The episode was brought to the stage in 2012 by theatre companies including the Chelmsford Theatre Workshop.

==Plot==
Blackadder is feeling bored, so George suggests a Charlie Chaplin film to cheer him up, but Blackadder declines, citing his hatred of Chaplin. Baldrick gets a newspaper reporting that the Russian Revolution has started and the Russians have pulled out of the war as a result. George is initially delighted, until Blackadder reminds him that the Russians were their allies, and Blackadder is dismayed, since it will mean "three-quarters of a million Germans leaving the Russian Front and coming over here with the express purpose of using my nipples for target practice!" Blackadder decides to desert but is stopped when General Melchett arrives in the trench as he ironically needs Blackadder to help him shoot some deserters. Melchett, reminding Blackadder of the French army mutinies the previous year, and the recent Russian uprising, is determined to prevent the same thing happening in the British Army. To prevent an uprising, he asks Captain Blackadder to organise a cabaret to boost the men's morale, something that Blackadder eagerly accepts when a possible tour is mentioned (which would allow him to leave the trenches). Melchett also asks his driver, Corporal "Bob" Parkhurst, to aid Blackadder. Blackadder immediately notices that "Bob" is a woman in disguise, something of which Melchett remains entirely unaware; however, Bob persuades Blackadder not to reveal the truth.

The show, which features Baldrick's Charlie Chaplin impression (featuring a dead slug called Graham as Baldrick's "moustache"), which Melchett thinks is a slug-balancing act, and Lieutenant George's drag act, "Gorgeous Georgina", is a success on its first night, but unfortunately Melchett falls in love with "Georgina", takes her to the Regimental Ball, and proposes to her, even nicknaming her "Chipmunk", much to the shock of Blackadder.
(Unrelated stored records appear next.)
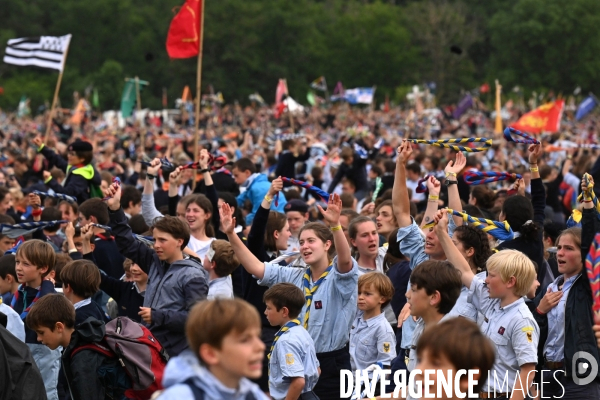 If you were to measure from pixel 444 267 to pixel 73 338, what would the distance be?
241cm

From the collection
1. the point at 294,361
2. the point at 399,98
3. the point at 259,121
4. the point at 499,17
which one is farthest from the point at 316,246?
the point at 499,17

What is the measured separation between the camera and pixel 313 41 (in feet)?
258

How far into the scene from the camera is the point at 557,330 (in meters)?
6.37

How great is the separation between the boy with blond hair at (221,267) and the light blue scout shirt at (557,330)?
98.9 inches

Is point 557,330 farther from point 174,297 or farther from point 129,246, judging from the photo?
point 129,246

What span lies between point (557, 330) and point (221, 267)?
8.88 ft

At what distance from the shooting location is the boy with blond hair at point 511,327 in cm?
576

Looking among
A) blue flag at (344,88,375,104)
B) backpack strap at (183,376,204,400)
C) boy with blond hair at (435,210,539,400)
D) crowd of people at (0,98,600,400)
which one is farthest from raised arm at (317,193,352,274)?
→ blue flag at (344,88,375,104)

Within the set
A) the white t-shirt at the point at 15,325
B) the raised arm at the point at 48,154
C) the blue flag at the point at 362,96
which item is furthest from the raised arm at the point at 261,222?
the blue flag at the point at 362,96

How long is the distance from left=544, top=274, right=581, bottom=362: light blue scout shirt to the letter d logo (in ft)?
0.72

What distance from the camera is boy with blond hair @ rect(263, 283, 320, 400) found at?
239 inches

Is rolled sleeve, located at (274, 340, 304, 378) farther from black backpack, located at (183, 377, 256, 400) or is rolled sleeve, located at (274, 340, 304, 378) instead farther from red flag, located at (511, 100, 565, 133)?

Worst of all, George accepts because he feared he may have been court-martialled for disobeying a superior officer, which prompts Blackadder to sarcastically respond that, on the other hand, he will "receive the Victoria Cross" when Melchett "lifts up [his] frock on the wedding night and finds himself looking at the last turkey in the shop".

Blackadder is called to Melchett's office, and it is revealed the marriage is to take place that Saturday and that Melchett wants him to be his best man. Consequently, Blackadder informs Melchett that there is something wrong with Georgina. At first Melchett is worried she may be Welsh, but Blackadder then informs him of Georgina's "death" from stepping on a cluster of landmines. Melchett is distraught and mourns deeply for his "perfect woman", but seconds later, he recovers by saying "Oh well. Can't be helped. Can't be helped". He then refuses to continue the show, claiming that Georgina was "the only good thing about it", but Blackadder says he has already found a new leading lady. These words place Blackadder in "the stickiest situation since Sticky the stick insect got stuck on a sticky bun".

George's suggestions as to who to replace him as leading lady are rejected by Blackadder as being "too short", "too old" or "too dead". Baldrick offers to take up the role, but Blackadder quickly dismisses the idea (in truth, Baldrick's plan was to marry Melchett and be a Trojan Horse – or "frozen horse" as he refers to it as – to bring down the aristocracy "from within"). He then realises he has had a leading lady in his presence all the time and replaces George with Bob. In spite of Bob's more convincing and better received "drag" act, and Baldrick's now seemingly "feeble impression of Buster Keaton", Melchett proclaims the second night's show a "disaster", recognising Bob and still not realising she is a woman, and immediately stops any possibility of a tour (and Blackadder leaving). He instead declares that with the arrival of the Americans into the war, morale will be boosted by "endless showings of Charlie Chaplin films" (with Blackadder as projectionist at a personal request from Chaplin himself, much to his annoyance). Captain Darling revels in Melchett's displeasure with Blackadder, causing Blackadder to offer him a "liquorice allsort" (Baldrick's slug), which he accepts.